### Your goal
Pick out each line in these entries that contains the string "Labrador".
***
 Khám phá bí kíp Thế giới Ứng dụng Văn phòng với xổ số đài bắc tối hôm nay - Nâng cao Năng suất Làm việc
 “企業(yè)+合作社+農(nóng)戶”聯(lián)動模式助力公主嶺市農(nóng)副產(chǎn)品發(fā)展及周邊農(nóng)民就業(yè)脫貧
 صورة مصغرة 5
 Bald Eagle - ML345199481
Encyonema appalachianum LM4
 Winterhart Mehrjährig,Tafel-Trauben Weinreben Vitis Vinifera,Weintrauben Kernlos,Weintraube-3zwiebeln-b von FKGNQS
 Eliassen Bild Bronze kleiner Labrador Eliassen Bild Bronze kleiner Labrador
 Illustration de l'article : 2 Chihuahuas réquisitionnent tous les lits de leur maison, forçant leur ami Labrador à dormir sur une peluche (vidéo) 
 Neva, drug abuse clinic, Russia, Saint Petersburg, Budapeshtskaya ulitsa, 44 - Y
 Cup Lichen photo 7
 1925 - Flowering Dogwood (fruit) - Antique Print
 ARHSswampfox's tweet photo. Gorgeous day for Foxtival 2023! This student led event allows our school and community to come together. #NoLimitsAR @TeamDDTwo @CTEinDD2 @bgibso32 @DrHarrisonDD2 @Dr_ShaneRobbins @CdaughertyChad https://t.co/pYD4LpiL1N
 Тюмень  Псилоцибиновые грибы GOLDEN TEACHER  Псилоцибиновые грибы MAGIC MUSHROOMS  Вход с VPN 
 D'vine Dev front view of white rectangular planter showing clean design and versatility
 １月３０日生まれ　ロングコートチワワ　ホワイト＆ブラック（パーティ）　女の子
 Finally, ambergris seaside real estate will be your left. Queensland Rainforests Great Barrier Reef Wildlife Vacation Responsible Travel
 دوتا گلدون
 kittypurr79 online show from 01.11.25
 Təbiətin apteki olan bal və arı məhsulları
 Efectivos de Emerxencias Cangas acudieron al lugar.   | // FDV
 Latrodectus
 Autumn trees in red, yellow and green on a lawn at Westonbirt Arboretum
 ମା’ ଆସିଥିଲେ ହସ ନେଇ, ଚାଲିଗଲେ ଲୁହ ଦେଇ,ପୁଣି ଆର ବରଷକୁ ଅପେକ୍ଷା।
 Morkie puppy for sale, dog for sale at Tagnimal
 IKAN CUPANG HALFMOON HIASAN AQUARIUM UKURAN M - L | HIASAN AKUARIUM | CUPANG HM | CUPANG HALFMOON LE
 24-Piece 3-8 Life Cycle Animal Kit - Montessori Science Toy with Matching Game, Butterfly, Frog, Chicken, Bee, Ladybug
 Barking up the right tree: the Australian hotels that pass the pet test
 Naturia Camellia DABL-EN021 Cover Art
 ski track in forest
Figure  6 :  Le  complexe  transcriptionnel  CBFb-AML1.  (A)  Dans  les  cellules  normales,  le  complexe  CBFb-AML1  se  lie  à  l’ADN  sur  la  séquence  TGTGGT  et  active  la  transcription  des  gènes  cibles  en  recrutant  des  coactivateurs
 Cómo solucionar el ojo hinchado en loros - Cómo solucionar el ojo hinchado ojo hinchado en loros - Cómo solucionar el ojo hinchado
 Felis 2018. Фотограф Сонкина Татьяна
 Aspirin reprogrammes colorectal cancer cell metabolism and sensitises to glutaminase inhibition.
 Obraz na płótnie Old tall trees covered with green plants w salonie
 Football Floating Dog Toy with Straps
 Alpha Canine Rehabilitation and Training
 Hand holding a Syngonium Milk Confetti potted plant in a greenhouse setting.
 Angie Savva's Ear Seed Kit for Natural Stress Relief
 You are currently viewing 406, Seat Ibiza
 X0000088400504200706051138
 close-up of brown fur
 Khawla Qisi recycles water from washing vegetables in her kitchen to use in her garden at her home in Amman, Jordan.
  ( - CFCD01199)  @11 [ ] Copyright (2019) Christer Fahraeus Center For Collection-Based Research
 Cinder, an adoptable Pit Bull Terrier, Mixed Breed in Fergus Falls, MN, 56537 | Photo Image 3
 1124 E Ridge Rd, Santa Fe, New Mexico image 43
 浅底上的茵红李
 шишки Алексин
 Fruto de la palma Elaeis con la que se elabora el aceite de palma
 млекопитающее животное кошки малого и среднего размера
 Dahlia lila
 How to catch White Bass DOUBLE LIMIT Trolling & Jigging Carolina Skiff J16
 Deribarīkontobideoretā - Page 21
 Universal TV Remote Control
***
### Written solution
 Eliassen Bild Bronze kleiner Labrador Eliassen Bild Bronze kleiner Labrador
 Illustration de l'article : 2 Chihuahuas réquisitionnent tous les lits de leur maison, forçant leur ami Labrador à dormir sur une peluche (vidéo) 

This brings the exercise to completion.